Below are the entries. Print only the lines starting at the one with "seo-bremen-klickwahrscheinlichkeit" and ending at the one with "数据结构中常见的各种树原理详解（学习笔记）_树操作的基本原理-CSDN博客", exactly, with no pictures.

▶ _Materials provided_
_ _ _ _ _ _ _

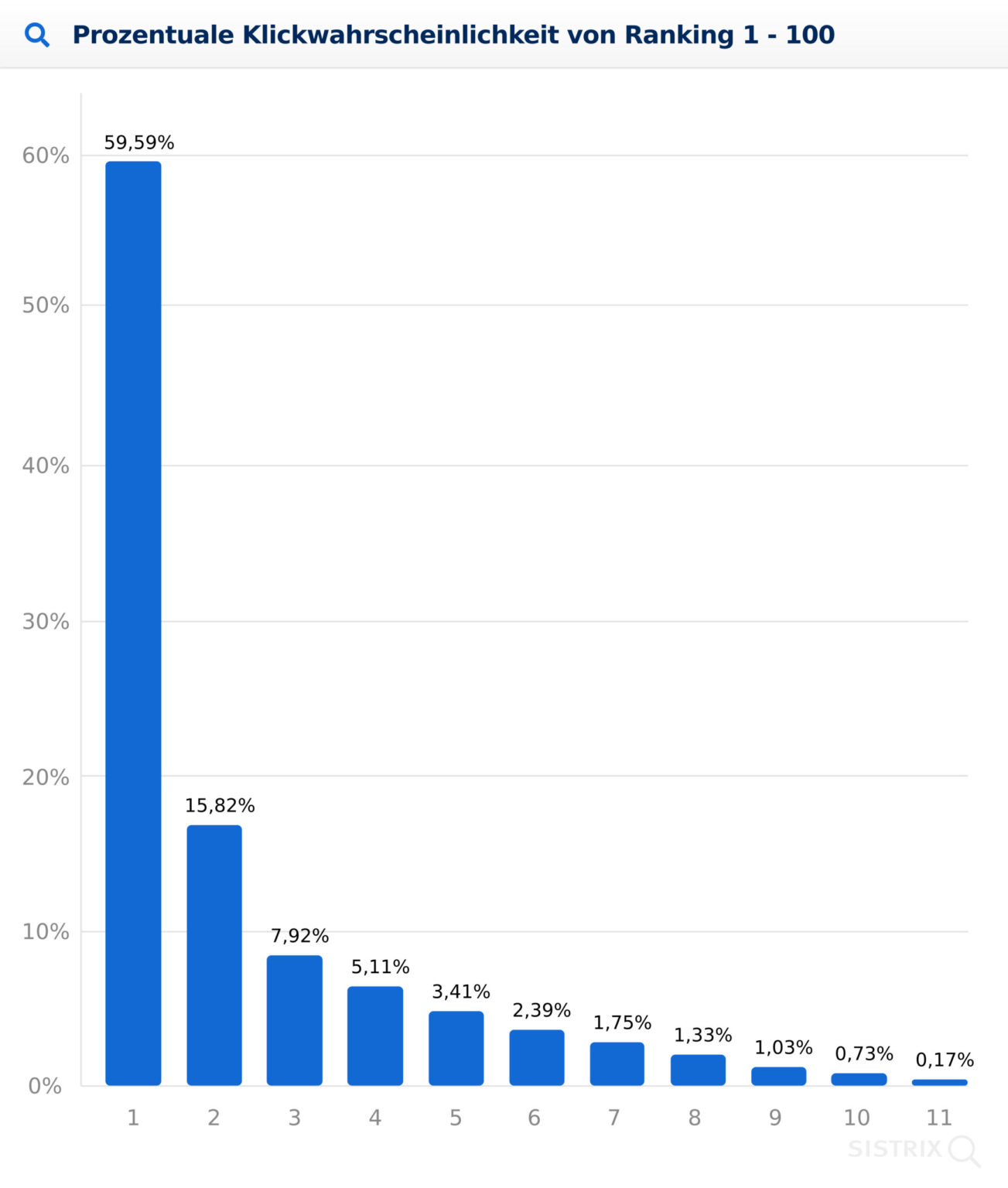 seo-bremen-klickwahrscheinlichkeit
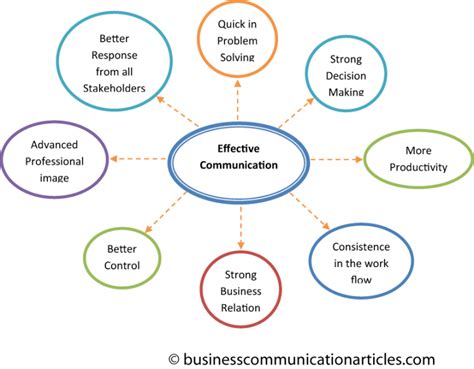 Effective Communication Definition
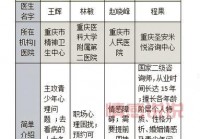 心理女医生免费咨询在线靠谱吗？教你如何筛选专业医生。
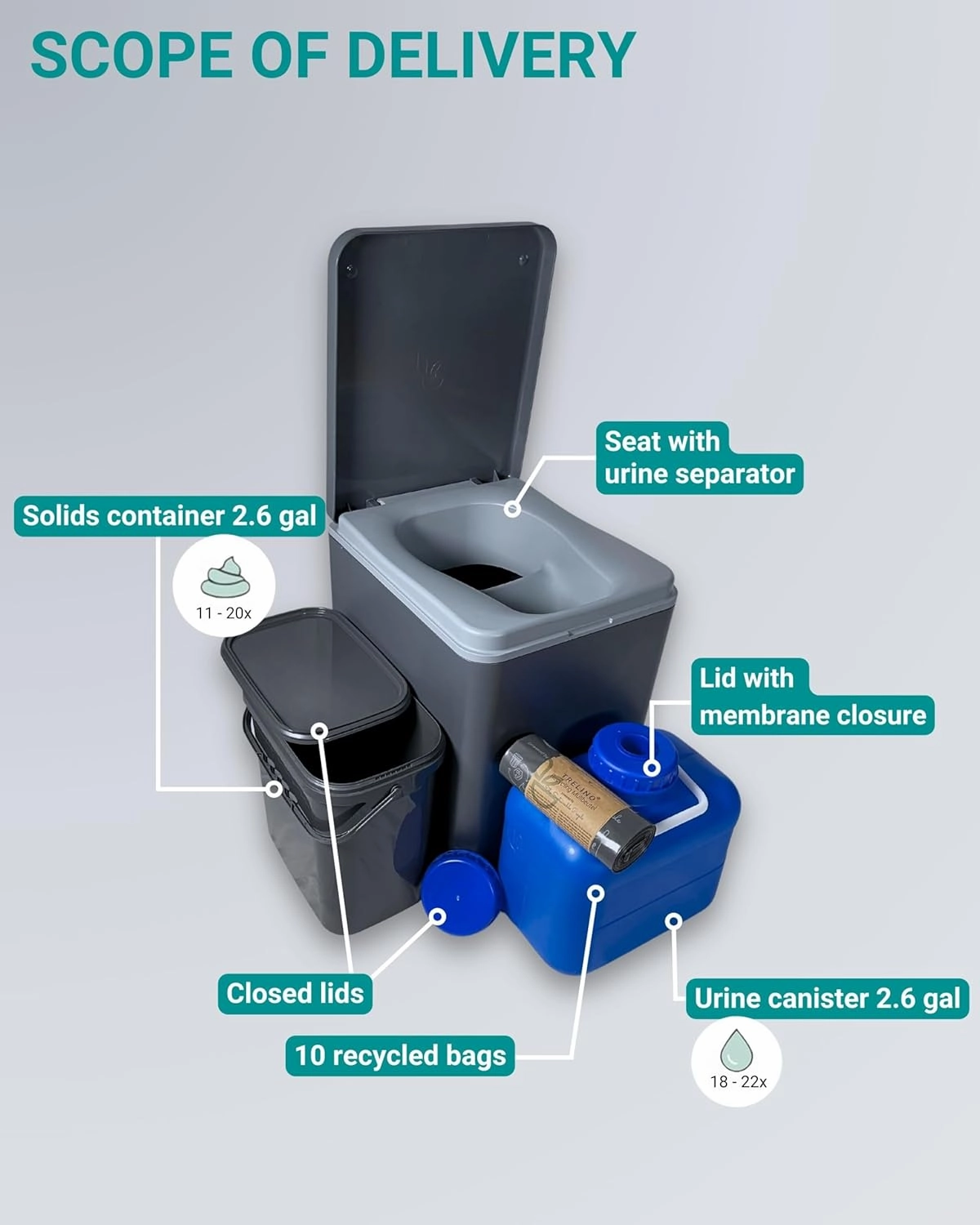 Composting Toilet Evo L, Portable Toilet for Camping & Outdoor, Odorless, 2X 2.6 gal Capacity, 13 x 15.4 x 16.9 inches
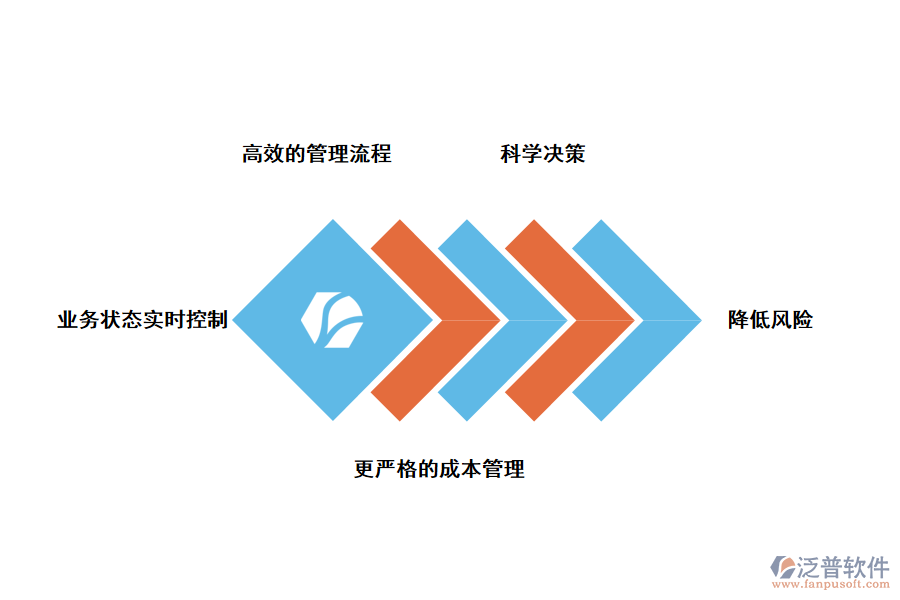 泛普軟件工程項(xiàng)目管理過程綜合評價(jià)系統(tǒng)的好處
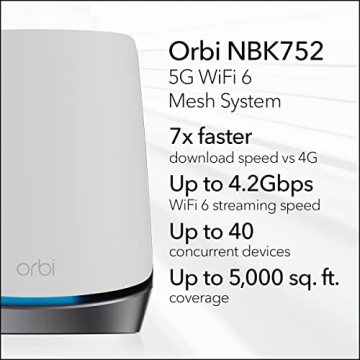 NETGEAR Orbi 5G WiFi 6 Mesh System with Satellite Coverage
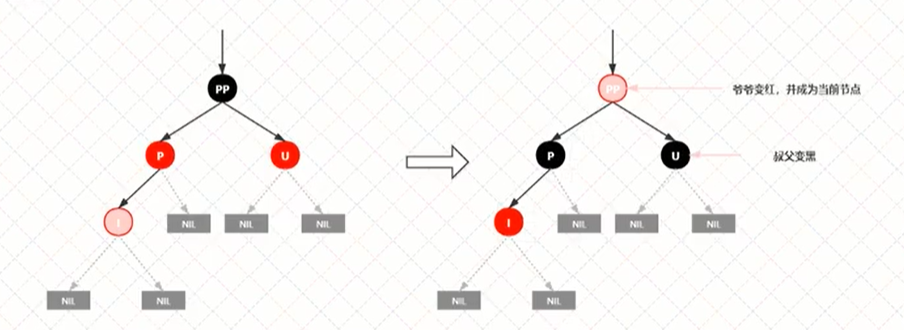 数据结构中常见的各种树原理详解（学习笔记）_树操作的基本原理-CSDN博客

_ _ _ _ _ _ _

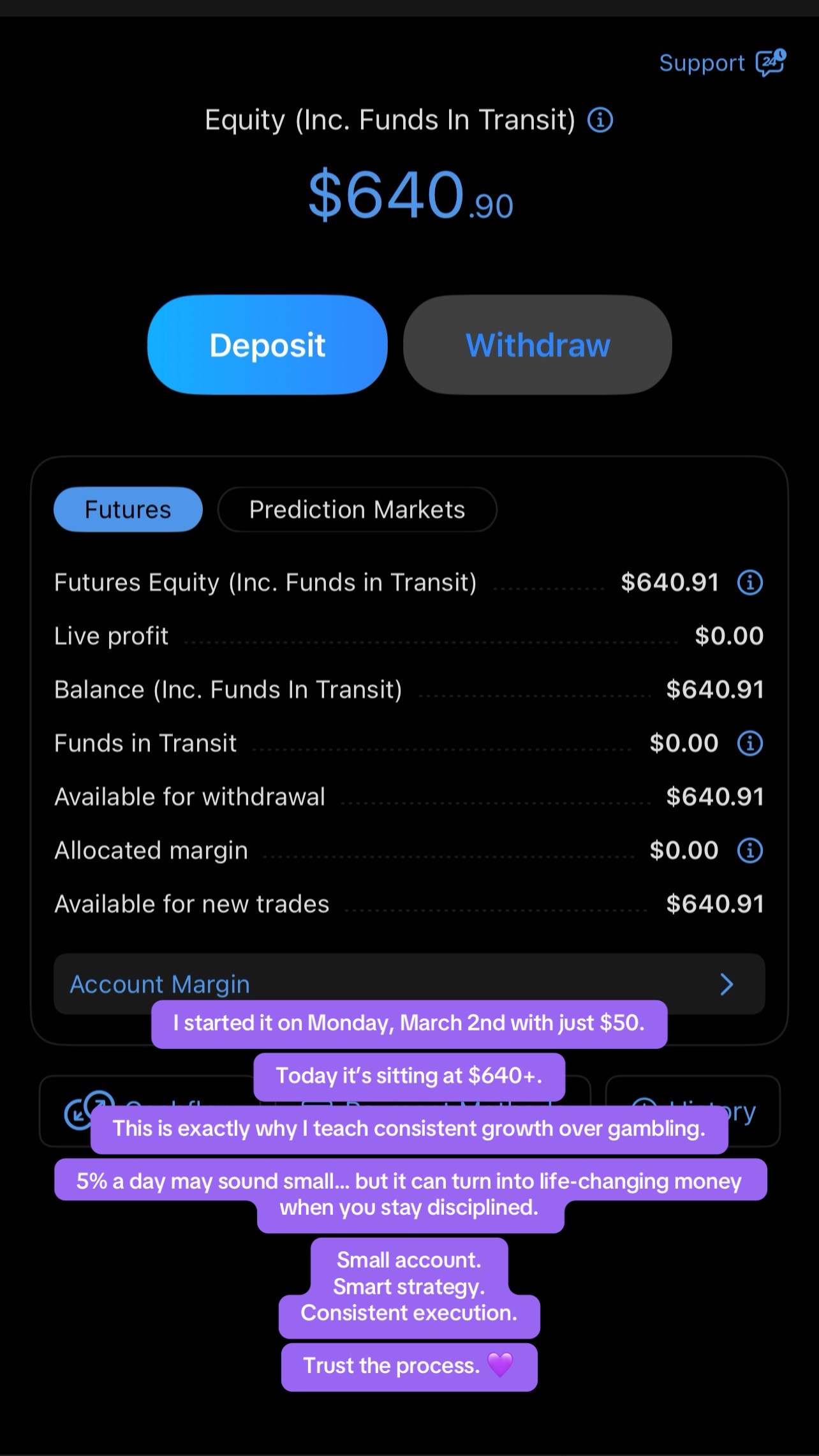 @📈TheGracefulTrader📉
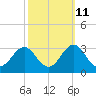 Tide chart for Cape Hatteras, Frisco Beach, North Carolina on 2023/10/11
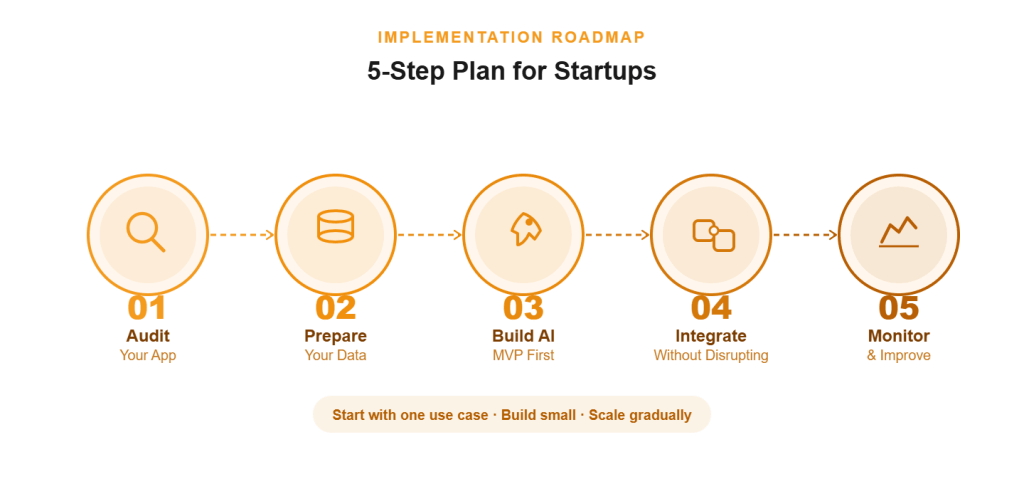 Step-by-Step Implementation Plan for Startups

_ _ _ _ _ _ _

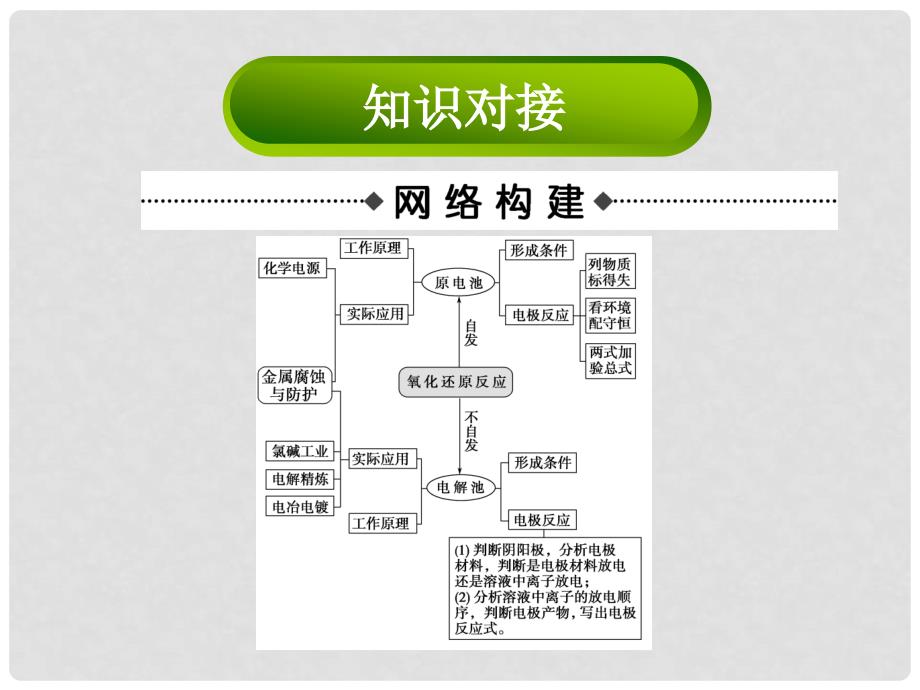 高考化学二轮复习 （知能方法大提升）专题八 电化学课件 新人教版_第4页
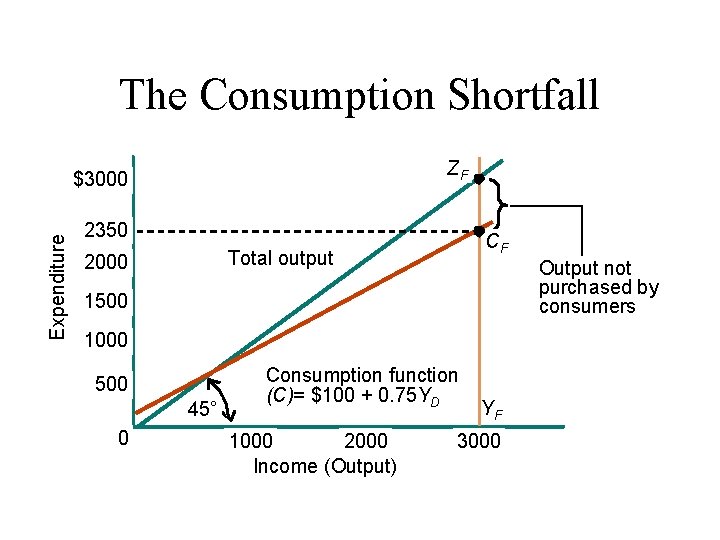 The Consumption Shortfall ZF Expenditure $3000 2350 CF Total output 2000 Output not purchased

_ _ _ _ _ _ _

▶ _Written reply_
 seo-bremen-klickwahrscheinlichkeit
 Effective Communication Definition
 心理女医生免费咨询在线靠谱吗？教你如何筛选专业医生。
 Composting Toilet Evo L, Portable Toilet for Camping & Outdoor, Odorless, 2X 2.6 gal Capacity, 13 x 15.4 x 16.9 inches
 泛普軟件工程項(xiàng)目管理過程綜合評價(jià)系統(tǒng)的好處
 NETGEAR Orbi 5G WiFi 6 Mesh System with Satellite Coverage
 数据结构中常见的各种树原理详解（学习笔记）_树操作的基本原理-CSDN博客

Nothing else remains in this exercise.